Prices
Private home prices rose at a slower pace in the first quarter of 2026, the third  consecutive slowdown. Sales activity similarly softened, with transactions dipping year-on-year.

According to flash estimates released by the Urban Redevelopment Authority (URA), the overall price index for private residential properties rose marginally by 0.3 per cent in the first quarter of 2026, following three consecutive quarters of slower growth – from 1 per cent in Q2 2025 to 0.9 per cent in Q3 and 0.6 per cent in Q4.


Prices by market segment
The price decline was led by landed properties, which saw prices dip by 1.8 per cent in Q1 2026, following a 3.4 per cent price growth in Q4 2025. Non-landed properties saw prices rebound by 1 per cent in Q1 2026.
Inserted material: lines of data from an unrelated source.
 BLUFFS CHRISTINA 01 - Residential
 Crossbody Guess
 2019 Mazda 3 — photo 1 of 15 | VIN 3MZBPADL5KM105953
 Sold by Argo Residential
Among the sub-markets, non-landed properties in the Core Central Region (CCR) registered the weakest performance, with prices rising by a marginal 0.4 per cent in Q1. This was followed by the city fringe or Rest of Central Region (RCR) at 0.9 per cent and suburbs or Outside of Central Region (OCR), where prices increased the most by 1.3 per cent.


Reasons behind the slower pace of growth
The price falls were likely attributed to weaker transaction volumes across these segments. According to data from URA Realis, the number of landed and non-landed home sales (excluding ECs) in RCR fell the sharpest by 55 per cent, from 2,606 units in Q4 2025 to 1,174 units in Q1 2026. This was followed by OCR, where the number of transactions slid by 29.7 per cent, while transactions in CCR dipped by 17.9 per cent q-o-q in Q1 2026.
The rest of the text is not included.